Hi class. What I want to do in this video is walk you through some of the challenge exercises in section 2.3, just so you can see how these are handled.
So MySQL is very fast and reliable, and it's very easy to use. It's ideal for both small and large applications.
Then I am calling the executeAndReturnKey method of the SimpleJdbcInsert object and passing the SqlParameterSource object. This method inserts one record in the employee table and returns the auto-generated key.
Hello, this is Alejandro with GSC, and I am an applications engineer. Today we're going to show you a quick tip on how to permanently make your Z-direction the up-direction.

============

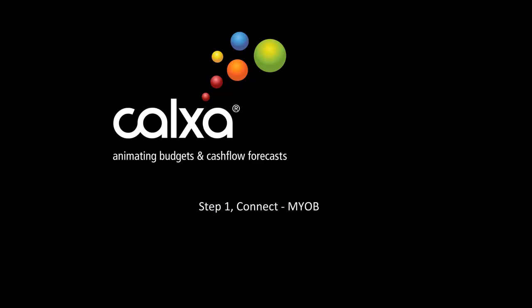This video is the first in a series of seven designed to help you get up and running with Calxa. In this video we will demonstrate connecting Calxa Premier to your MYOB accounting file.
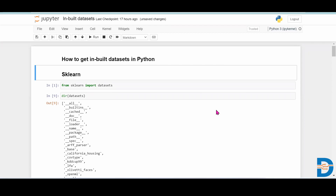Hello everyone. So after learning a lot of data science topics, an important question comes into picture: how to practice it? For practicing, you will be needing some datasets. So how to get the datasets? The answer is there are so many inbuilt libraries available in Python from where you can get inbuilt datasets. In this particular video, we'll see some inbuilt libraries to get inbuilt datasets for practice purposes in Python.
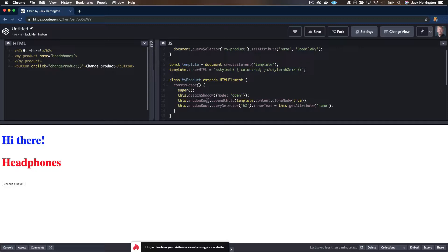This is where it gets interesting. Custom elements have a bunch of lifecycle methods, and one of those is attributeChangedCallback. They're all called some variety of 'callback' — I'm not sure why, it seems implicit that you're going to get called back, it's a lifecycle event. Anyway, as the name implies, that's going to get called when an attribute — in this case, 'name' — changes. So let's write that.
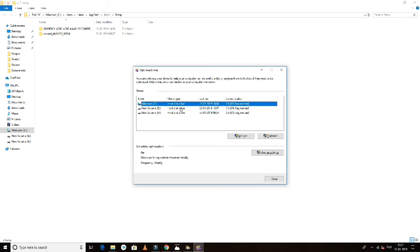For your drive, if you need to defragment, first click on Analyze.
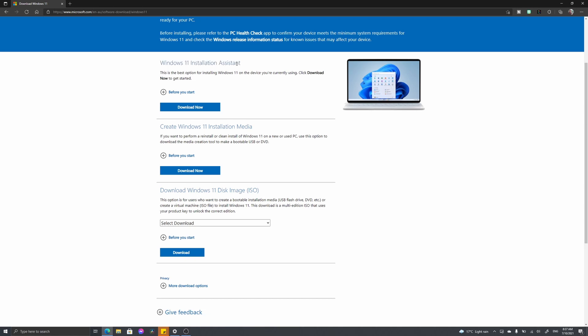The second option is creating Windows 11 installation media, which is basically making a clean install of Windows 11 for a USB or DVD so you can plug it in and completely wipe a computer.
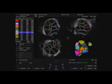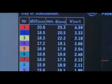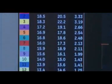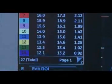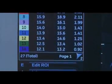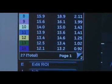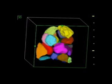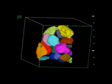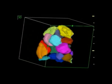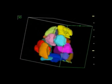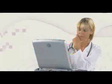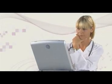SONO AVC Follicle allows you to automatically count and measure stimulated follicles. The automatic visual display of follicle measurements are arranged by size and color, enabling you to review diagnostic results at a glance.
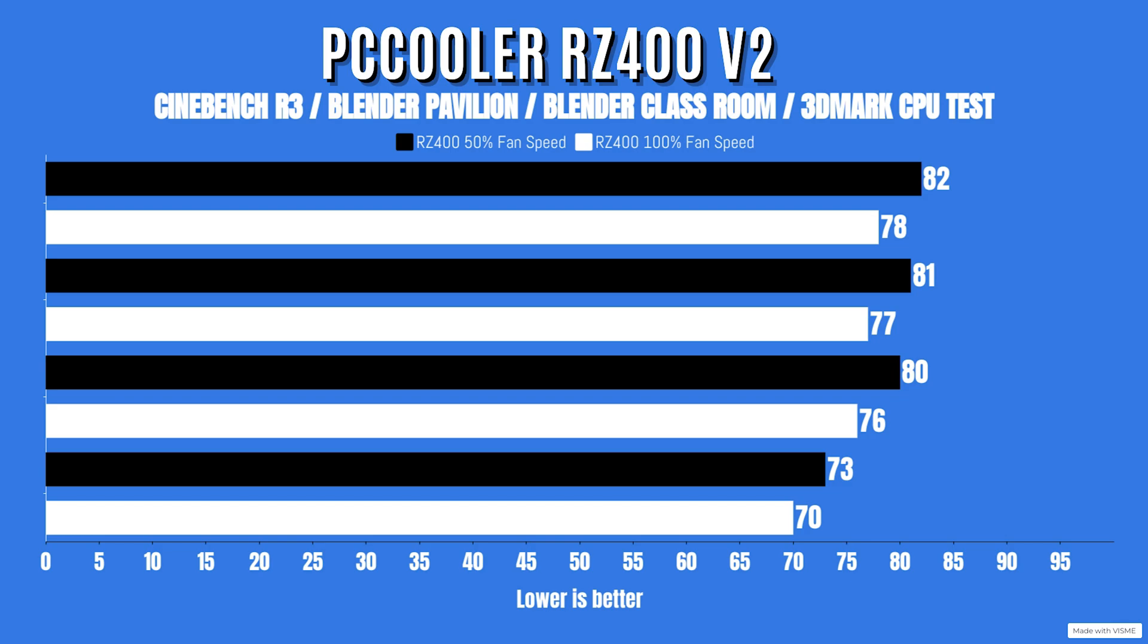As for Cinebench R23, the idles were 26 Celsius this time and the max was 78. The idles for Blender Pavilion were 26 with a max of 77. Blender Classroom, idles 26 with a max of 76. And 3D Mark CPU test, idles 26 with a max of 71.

============

## Problem to solve:
Find out how many lines in the data above hold the word "applications". Write only the number.

## Expected answer:
2